Et si on parlait de la sélection en 2023 du Spectre de Boko Haram au festival Ecrans Noirs qui est un festival de votre pays ? Quelles sont vos attentes ?

Ecrans Noirs c'est notre festival, nous avons tous commencé dans le cinéma au Cameroun en espérant un jour une sélection aux Ecrans Noirs. On en rêvait. Et ce rêve pour la jeune cinéaste camerounaise que je suis était d'y être un jour. C'est donc un honneur pour moi d'y être et l'accueil du film par le public lors de sa diffusion a été une satisfaction pour moi, car j'ai fait une salle comble pour un film documentaire sachant bien que notre public n'a pas la culture du documentaire. Vivre cela et les interactions du public en fin de projection était simplement mémorable. Je dis un grand merci aux Ecrans Noirs.

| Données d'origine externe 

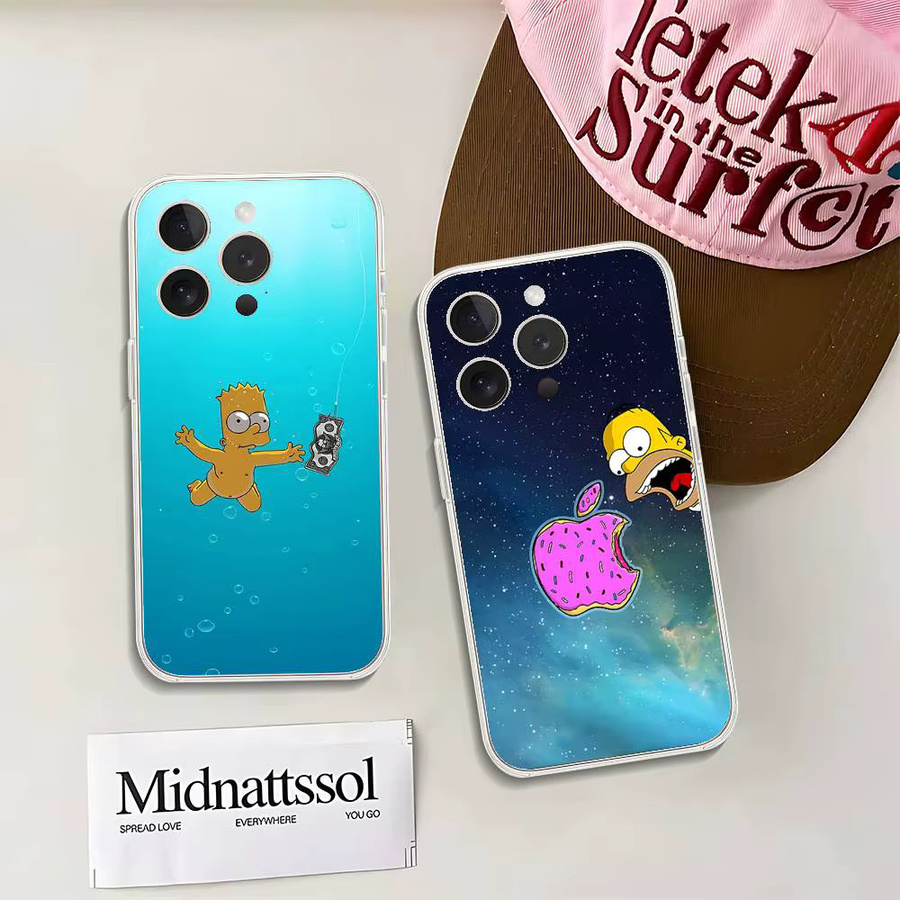 Simpsons Anime Handyhülle für iPhone 11 bis 17 Pro Max, transparente und stoßfeste Schutzhülle in Multicolour - Bild 3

Je n'ai pas d'expectation pour un prix, mais je me dis pourquoi pas sortir du festival avec un Écran d'or ? De toute façon j'espère y remporter un prix. Je suis consciente que les autres films en compétition dans ma catégorie sont de bonnes qualités techniques et peu importe le résultat je serai heureuse pour le film qui remportera le prix, mais encore plus heureuse si c'est Le Spectre de Boko Haram qui le remporte.